Anyone who has ever grown something in a garden can relate to the uncertainty of all. There may be too much rain one month and not enough the next — each with potentially dire consequences. There may not be enough sunshine to build up optimal sugar content in the grapes — or the temperatures may not come at exactly the right time to bring the best out of each grape.
With all of these variables, there’s nothing more satisfying than opening that first bottle of wine knowing that all the hard work, attention to detail, creativity (and a little bit of luck) has paid off.
The same is true of my work with clients helping them to transform their businesses, mainly around their digital marketing strategies. In my work as an Advisory Practitioner at Avanade, I help clients identify the gaps and opportunities for improving both the employee and customer experience. I’ve found that winemaking and digital transformation have three things in common:
- Remember to keep your eye on the big picture. In digital transformation projects, it’s sometimes easy to get overwhelmed by all the steps needed to get to the end goal. Whether it’s personalizing the customer experience or helping to make it easier and more enjoyable for employees to do their jobs, it’s critical to start by creating a vision for the end goal that can be used to galvanize all stakeholders involved throughout the transformation.
In the middle of a digital strategy project, there can be so many steps left to complete that the end result can seem elusive. Keeping an eye on the big picture of what we’re doing and why we’re doing it not only creates clarity but motivates everyone to keep marching towards the goal.
The same can be true with making a great wine. There are so many steps over the course of several seasons that it can sometimes be hard to envision the end result. For example, when pruning the vines in the winter, you need to think forward to the harvest and imagine what you want the vines to look like eight months down the road. This vision is critical and guides the pruning process, ensuring a desirable harvest. And when things get tough, the best motivation for keeping the big picture in mind is enjoying the fruits of our labor from the last year’s harvest to remember the journey.

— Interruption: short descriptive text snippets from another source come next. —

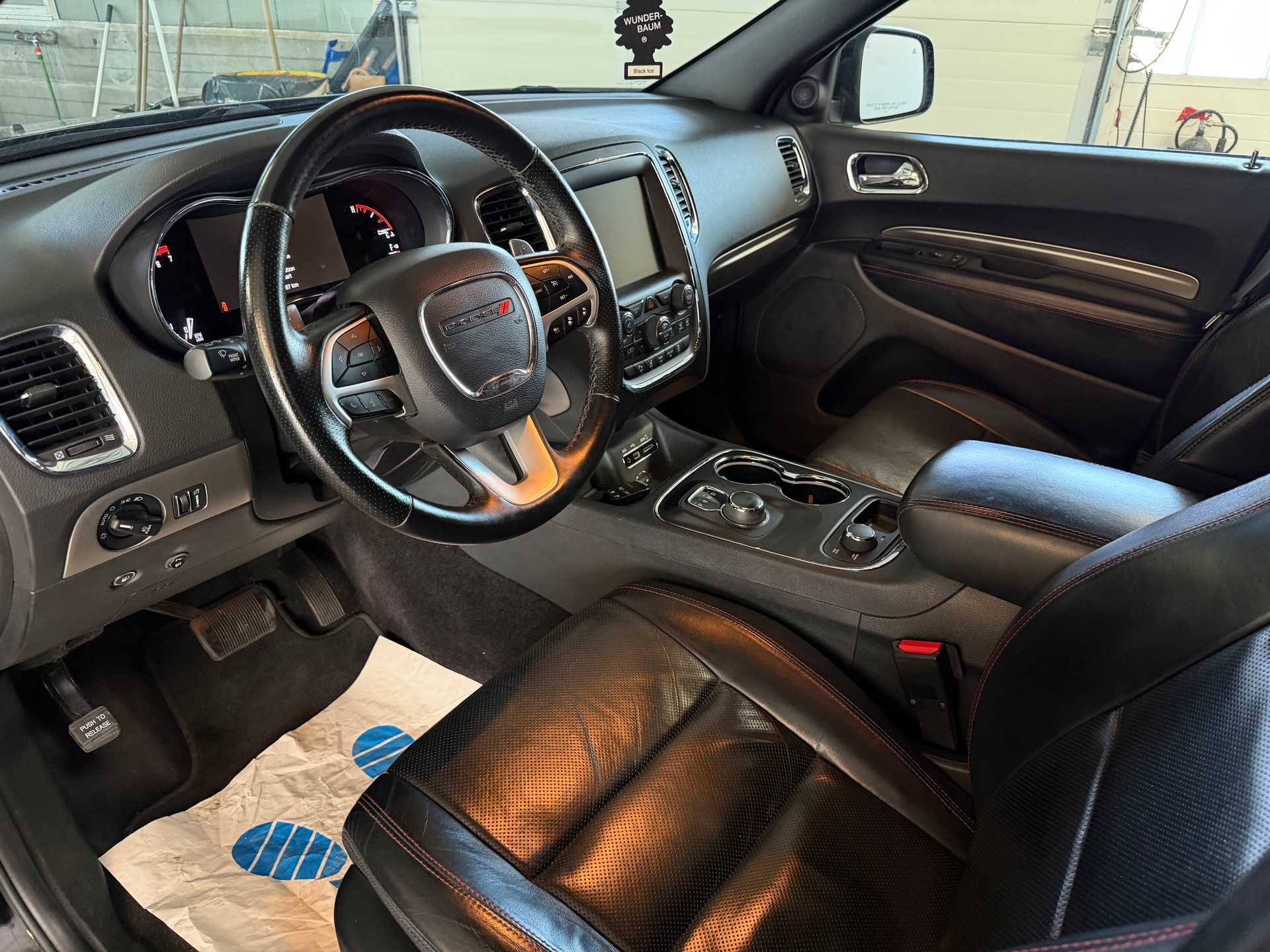 DODGE Durango R/T 5.7 AWD | Frisch MFK | Tiefergelegt | Schiebedach | 7-Plätzer-image-7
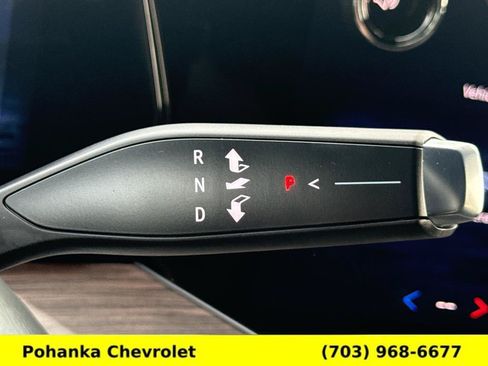 Certified 2025 Chevrolet Suburban Premier AWD/4WD image 10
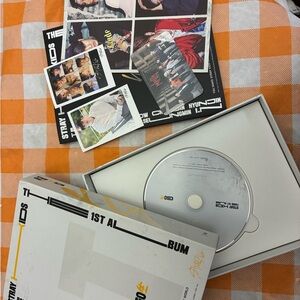 Stray Kids 1st Album 'I Am NOT' CD - White and Silver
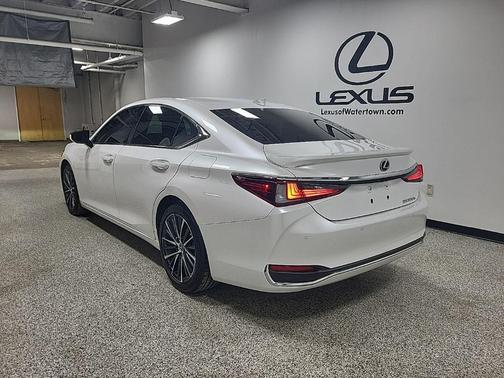2025 Lexus ES 300h Base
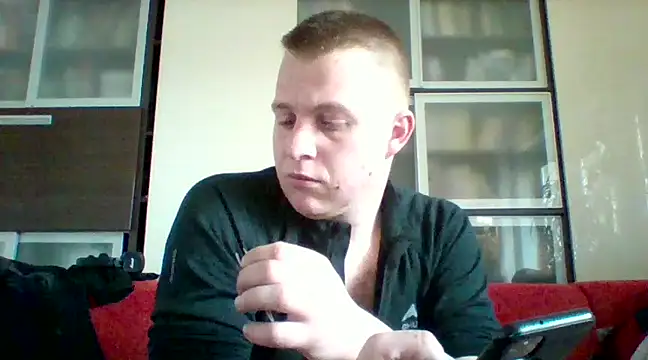 Snapshot of Matttthees chatting on 01/21/25, 11:46 Matttthees online show from 01/21/25, 11:46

- Connecting the dots is critical. How does the customer experience relate to the employee experience? Are employees empowered to help the customer with the best technology and tools? Do customers feel cared for throughout their journey with a business? Asking these questions and understanding the relationships between all stakeholders is so important when crafting a digital strategy that works for the client, their employees and their customers.
In a recent modern workplace project for a large financial services company, I was able to help the client understand the integral relationship between the technology platforms used by employees and how improvements to the workplace experience would facilitate easier collaboration across the globe and ultimately improve the customer experience as well. It was gratifying to learn from a friend of mine who works at that same company that the improvements we helped put into place made a difference on his ability to do his job.
Understanding how each variable affects the quality of a wine grape requires the same kind of approach. Throughout the growing cycle, I must be able to understand the relationships between sunshine, water, pruning techniques, TLC and grape selection — and how they all work together to create a bountiful harvest and quality wine.
- Enjoy the journey. Within each digital transformation project I’ve worked on, there comes a point where roadblocks must be removed in order to continue to make progress. My life in the vineyard is no different: There always comes a point where it appears that conditions seemingly have conspired against a bountiful harvest. I’ve learned along the way that these challenges, too, must be viewed as gifts.
Every step in a process — whether it be crafting and executing a digital strategy, winemaking or growing your career — has its challenges and opportunities. The point is to savor both: Be grateful when things go just right and be open to learning and growing when a challenge presents itself.
Ralph Waldo Emerson is famous for his inspiring quote, “Life is a journey, not a destination.” The same is true for the work that I do for my clients everyday — and for the journey of winemaking. Both require passion, creativity, patience and tenacity to get the job done — and an invitation to enjoy the journey wherever it leads.